As DsPH we are, perhaps unfortunately, skilled at salvaging some good things out of difficult situations. Several of you have told me that this cut has escalated conversations with NHS partners about their role in prevention. The NHS England Five Year Forward View sets out ambitions to save money, improve health and increase quality. There are actions the NHS could take on issues like tobacco and alcohol that would tick all these boxes. Again I’m sure DsPH across the UK will have great examples to share.
Ahead of this autumn’s Comprehensive Spending Review, and equivalent processes across the UK, we need to gather and present the evidence that our work improves health and saves the system money.
We also need a strong narrative. I’ve been struck that whilst many people use the word prevention the meaning can vary wildly.

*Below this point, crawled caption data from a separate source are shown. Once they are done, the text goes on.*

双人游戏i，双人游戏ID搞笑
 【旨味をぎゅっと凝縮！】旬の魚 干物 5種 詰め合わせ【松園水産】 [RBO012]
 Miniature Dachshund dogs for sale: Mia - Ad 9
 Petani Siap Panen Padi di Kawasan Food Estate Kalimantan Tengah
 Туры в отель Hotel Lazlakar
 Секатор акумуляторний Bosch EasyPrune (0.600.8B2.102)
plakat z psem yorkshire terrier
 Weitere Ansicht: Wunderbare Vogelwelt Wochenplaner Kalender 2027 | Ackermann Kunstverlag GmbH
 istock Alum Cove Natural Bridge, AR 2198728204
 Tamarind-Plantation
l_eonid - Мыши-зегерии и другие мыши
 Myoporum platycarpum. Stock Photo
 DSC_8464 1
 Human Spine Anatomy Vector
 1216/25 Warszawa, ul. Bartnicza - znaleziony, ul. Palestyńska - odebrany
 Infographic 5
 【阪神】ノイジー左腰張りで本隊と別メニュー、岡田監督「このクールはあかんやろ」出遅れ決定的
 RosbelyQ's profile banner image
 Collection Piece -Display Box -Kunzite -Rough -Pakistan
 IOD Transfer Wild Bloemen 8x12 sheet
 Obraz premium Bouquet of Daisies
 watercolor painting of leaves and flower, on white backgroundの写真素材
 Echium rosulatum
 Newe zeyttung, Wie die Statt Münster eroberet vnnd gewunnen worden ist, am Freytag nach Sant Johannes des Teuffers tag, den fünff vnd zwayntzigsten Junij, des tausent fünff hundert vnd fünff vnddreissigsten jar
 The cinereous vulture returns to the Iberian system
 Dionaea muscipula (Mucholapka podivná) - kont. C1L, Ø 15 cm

Our narrative needs to capture our role in delivering effective population based prevention work in its widest sense. The ADPH Council has its final development session on 15-16 July and will do some further work on this.
On a personal note, despite having to deal with difficult circumstances, I’ve enjoyed my first month as President. I have found that ADPH is very well regarded by the powers that be and as a result I’ve been listened to. I’ve appreciated the messages of support from DsPH and I look forward to meeting more of you over the coming months. I have spoken at several national meetings and in every case making the point about investing in prevention and the pivotal role of the DPH. I have also set the ball rolling on some further guidance from the LGA on the role on local government on some important health issues. Finally I have started the conversation with our trainees about getting them exposed to and involved with ADPH. The aim is to inspire them to aspire to be our successors. As a by-product of this I’ve arranged for one of our trainees to do some work for England’s CMO in WHO in Geneva. I have to confess to being more than a tad jealous.
Please let me know if you think there is anything else I could usefully be doing. My time is limited, but unless you tell me I will never know. I want to make sure my ambition to represent you effectively is a reality and not just rhetoric.